Copy each entry below exactly. No images.

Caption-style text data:
══════════
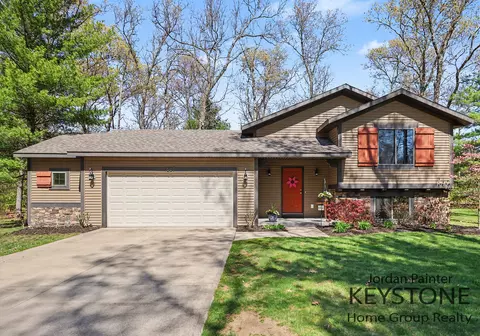 1687 Nature View Ln, Allegan, MI 49010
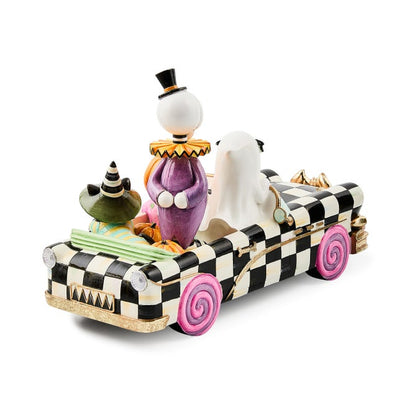 BOO FAMILY CAR TRICK OR TREAT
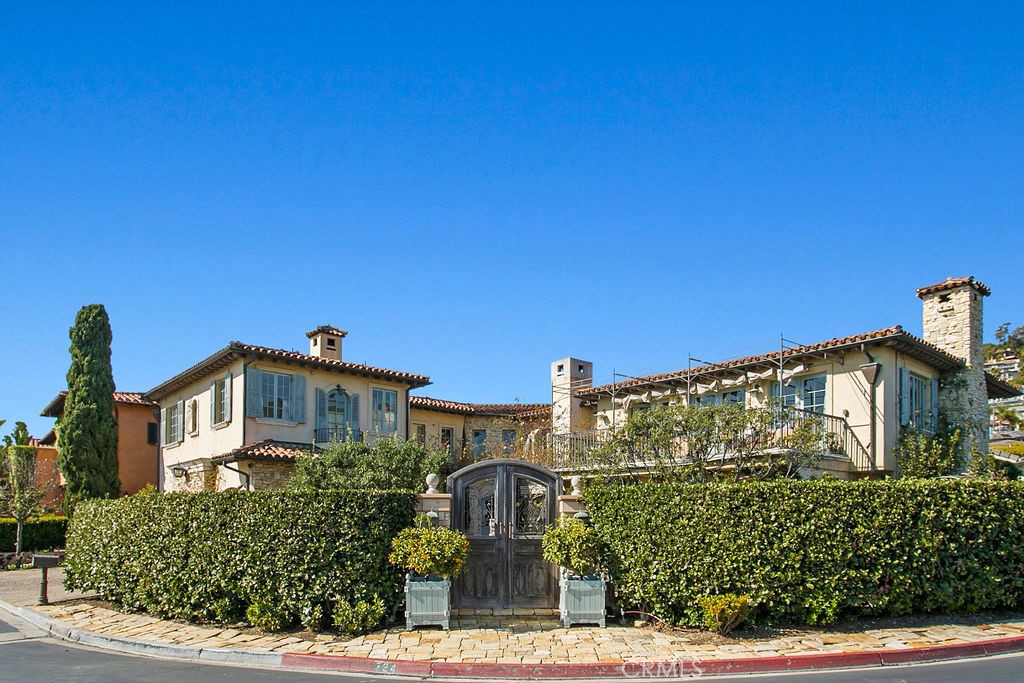 724 EMERALD BAY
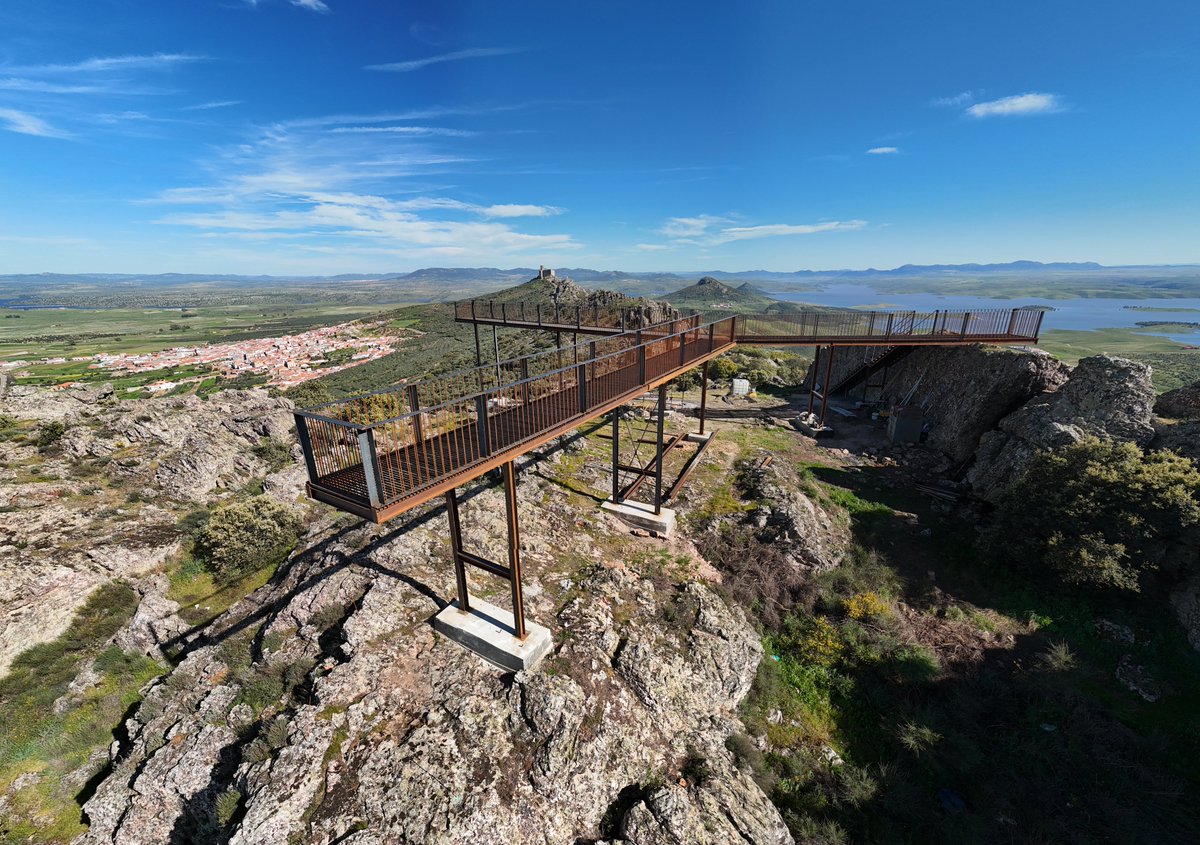 extremadura_tur's tweet photo. 👀 En #Extremadura hay fantásticos #miradores.

4 de ellos son:
📷 Mirador del Castillo o del Cerro del Búho (#Cabezabellosa)
📷 Mirador de la Memoria (#ElTorno)
📷 Mirador Punto Mira (#PueblaDeAlcocer)
📷 Mirador de Puerto Peña (#Talarrubias)

¿Conoces más? Te leemos https://t.co/m6JJRPA57H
══════════
**Task result:**
 1687 Nature View Ln, Allegan, MI 49010
 BOO FAMILY CAR TRICK OR TREAT
 724 EMERALD BAY
 extremadura_tur's tweet photo. 👀 En #Extremadura hay fantásticos #miradores.

4 de ellos son:
📷 Mirador del Castillo o del Cerro del Búho (#Cabezabellosa)
📷 Mirador de la Memoria (#ElTorno)
📷 Mirador Punto Mira (#PueblaDeAlcocer)
📷 Mirador de Puerto Peña (#Talarrubias)

¿Conoces más? Te leemos https://t.co/m6JJRPA57H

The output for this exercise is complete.